DISPERSION: College banners hang outside College Counselor Lisa Gruenbaum’s office, representing the diversity in the decisions kids make about where to go to college.

Every year, many Shalhevet graduates leave California to pursue college degrees on the East Coast, in the Midwest and other regions hundreds or thousands of miles from home. But some stay local.

But it is not as common nationwide. Of entering college freshmen in 2016, 38 percent attended college within 100 miles or less of their home, 15 percent within 51 to 100 miles and 30 percent within 101 to 500 miles, according to a national study conducted by the Higher Educational Research Institute at UCLA.

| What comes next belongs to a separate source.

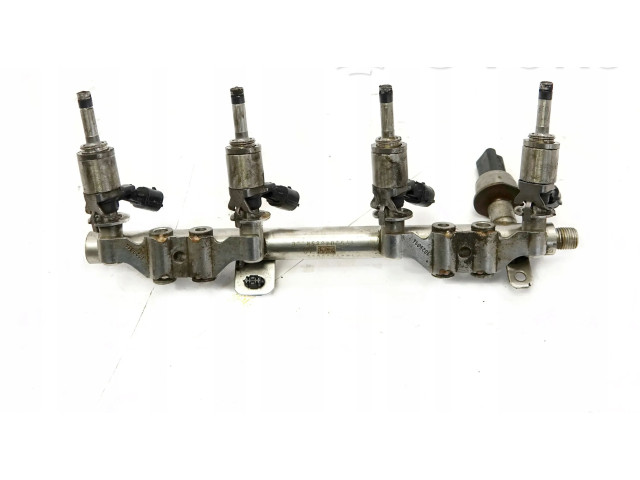 Vstřikovací lišta 175204385R, H8201141604 Nissan Qashqai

That leaves just 17 percent who went to school more than 500 miles away.

According to Aviva Walls, college counselor and Dean of Academic Affairs, 30 years ago most people did not go to college more than 200 miles away from the house they grew up in.

But those national averages do not match Shalhevet’s statistics. Of the 60 schools Shalhevet students have enrolled in in the last four years, only about 22 percent were in California. Forty-three percent were on the East Coast, and the rest were elsewhere in the U.S., plus a few in Canada and Israel, according to a list of colleges Head of College Counseling Ms. Lisa Gruenbaum gave the Boiling Point.

Yet significant numbers of Shalhevet graduates still opt for nearby schools like USC, Chapman University, UCs and Cal State schools, so they can see family every weekend, save money or stay in California simply because they like it here — or some combination of the three.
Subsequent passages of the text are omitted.